Com base nos resultados, os investigadores sugerem um conjunto de medidas, nomeadamente a intervenção em contexto escolar, “que são os mais vulneráveis”, na comunidade em geral e em contexto laboral.

No contexto laboral, disse Joaquim Fialho, há “uma barreira muito difícil de distinguir”, nomeadamente quando termina a utilização para fins profissionais e quando começa a utilização lúdica, “porque muitas das vezes não há esse desligar”.

Por fim, uma intervenção mais transversal junto da população, sobretudo, dos que estão fora do mercado de trabalho.

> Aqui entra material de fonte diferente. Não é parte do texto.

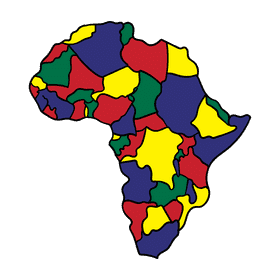 Africa Map clipart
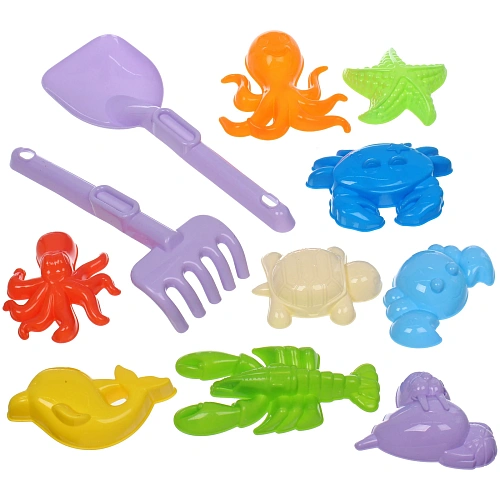 Набор для игры в песочнице Морские жители, 19169,5 см, 11 предметов_7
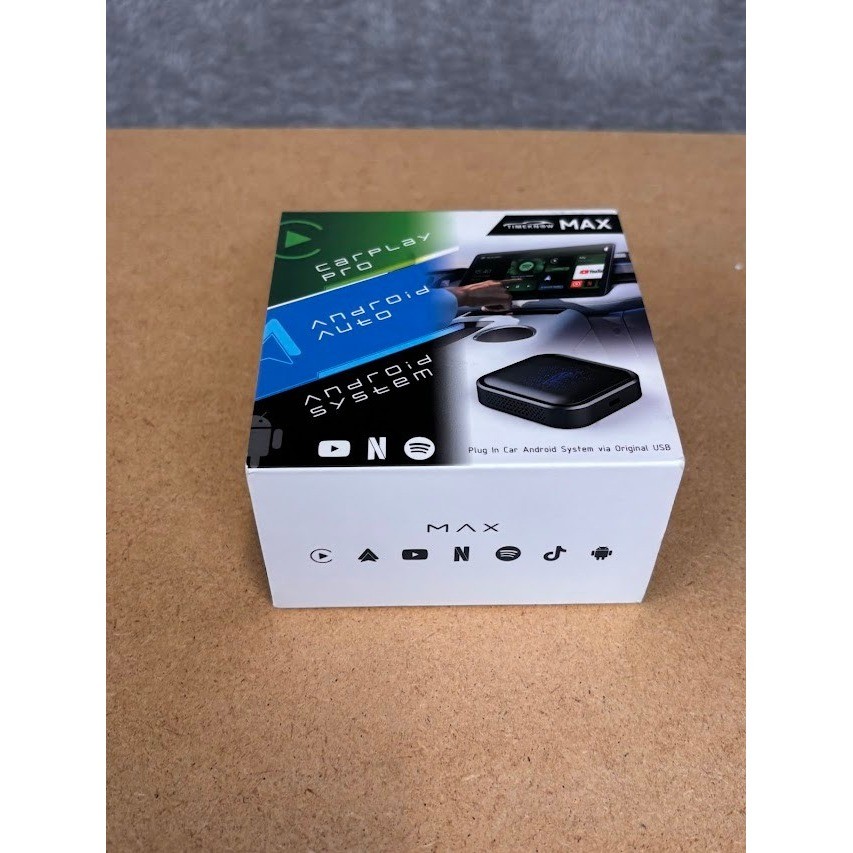 Timeknow Android Box Max R607 Wireless CarPlay Android Auto Adapter Iron Gray
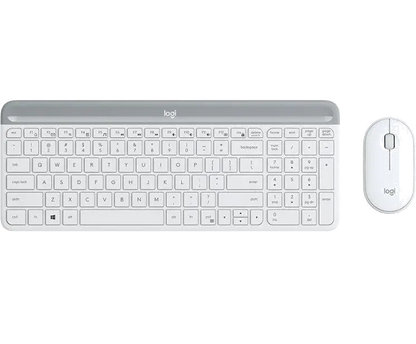 Logitech 920-009205 MK470 Kit tastatura si mouse wireless, Slim profile, White, US, 5099206086616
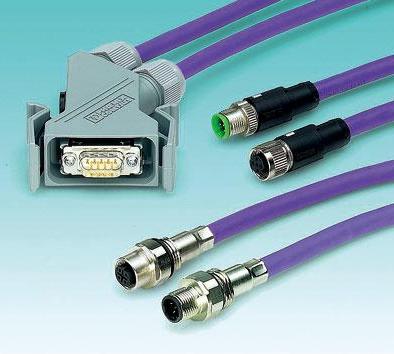 圖1 現(xiàn)場總線連接器利用一進(jìn)、一出兩個通道和可開關(guān)控制的終端電阻，可構(gòu)成線性結(jié)構(gòu)的網(wǎng)絡(luò)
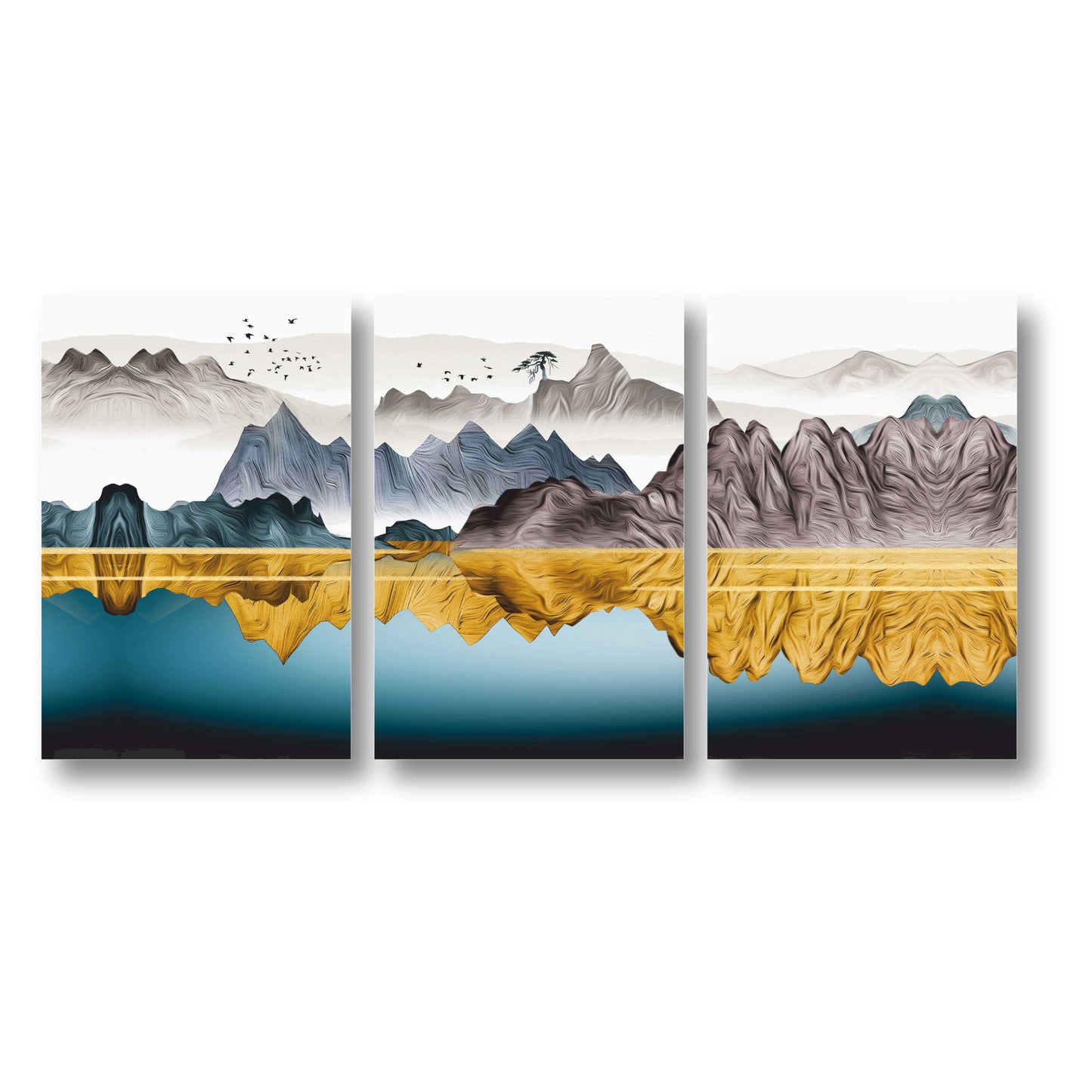 Nature Mountain Canvas Painting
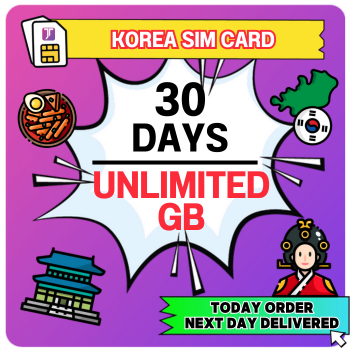 J Travel Korea SIM Card 5days 300GBLocal Korea SIM Travel Prepaid Sim Card 韩国上网卡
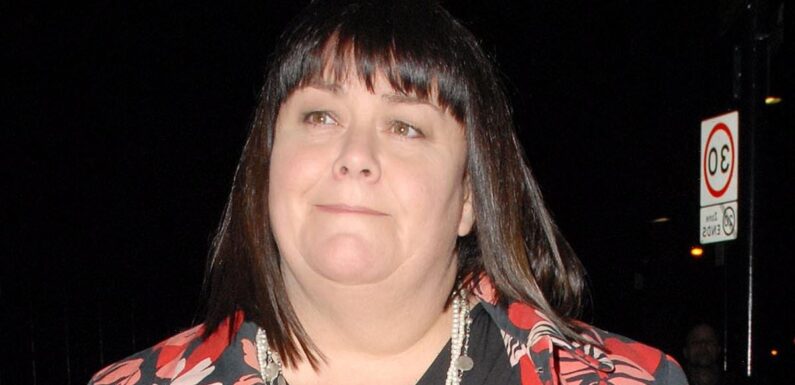 Dawn French reveals how recreating slapstick left her in agony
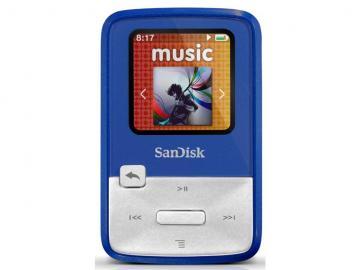 MP3 Player SanDisk Sansa Clip Zip 4GB, blue, radio, reportofon, USB, SDMX22-004G-E46B - Pret | Preturi MP3 Player SanDisk Sansa Clip Zip 4GB, blue, radio, reportofon, USB, SDMX22-004G-E46B
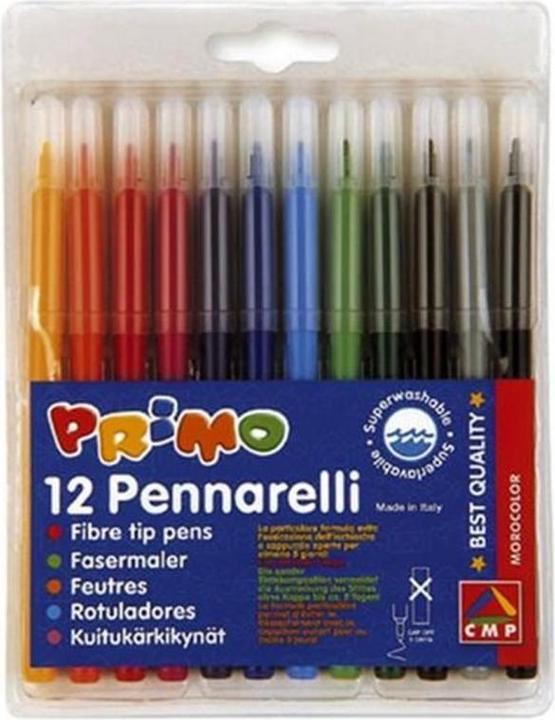 Primo Fasermaler Assortiert, 12 Stück (12x)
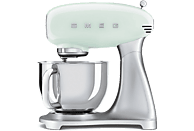 Robot de cocina - Smeg SMF02PGEU, Amasador, 800W, 4.8l, 10 velocidades, 6 accesorios, Acero inoxidable, Verde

“Há um conjunto de pistas para a ação que temos no plano e que nos parecem que podem funcionar como atenuante deste processo, porque aquilo que verificamos é que há um acesso generalizado aos ecossistemas digitais, mas não há um aumento das competências digitais que permitam de certa forma capacitar as pessoas para a oferta do ponto de vista digital”, rematou.

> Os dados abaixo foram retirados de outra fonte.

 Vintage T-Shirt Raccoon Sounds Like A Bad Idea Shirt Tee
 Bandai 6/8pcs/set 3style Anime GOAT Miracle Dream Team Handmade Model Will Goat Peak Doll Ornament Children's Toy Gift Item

O investigador salientou que “o desafio não está na privação do uso digital (…) em contexto escolar, nem em contexto laboral, mas sim na capacitação das pessoas para uma utilização saudável”.

“Nós sabemos que proibir não é o melhor caminho, o melhor caminho passa por um trabalho de literacia para a utilização dos ecrãs”, defendeu Joaquim Fialho.